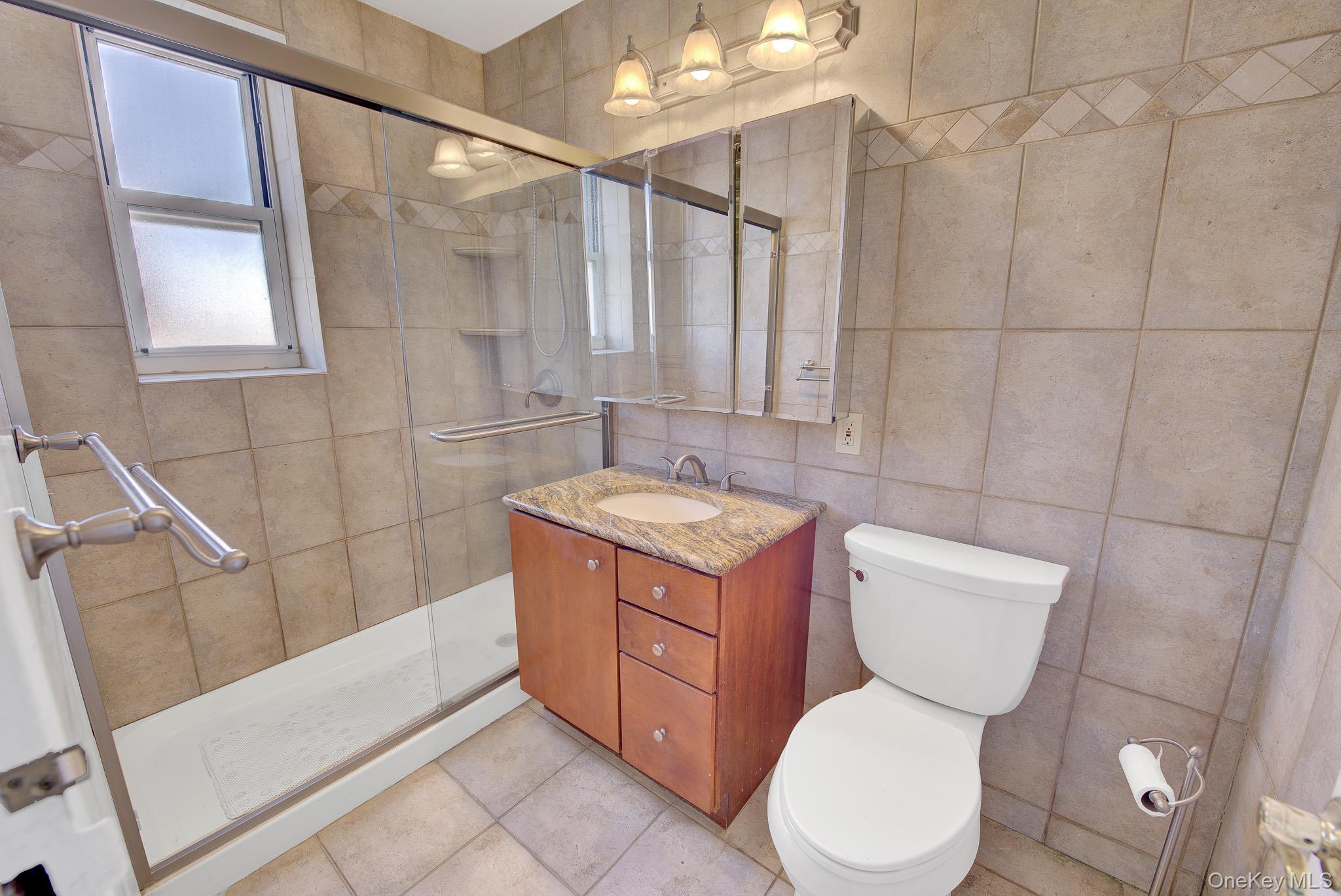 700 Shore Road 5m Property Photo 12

···

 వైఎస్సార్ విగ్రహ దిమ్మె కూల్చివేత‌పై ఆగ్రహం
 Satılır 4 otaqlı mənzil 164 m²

···

§ **WHAT THE TASK ASKS**: The response must hold only the lines above from the line with "వైఎస్సార్ విగ్రహ దిమ్మె కూల్చివేత‌పై ఆగ్రహం" through the line with "Satılır 4 otaqlı mənzil 164 m²", each copied exactly, both ends kept.

§ **SOLUTION**:
 వైఎస్సార్ విగ్రహ దిమ్మె కూల్చివేత‌పై ఆగ్రహం
 Satılır 4 otaqlı mənzil 164 m²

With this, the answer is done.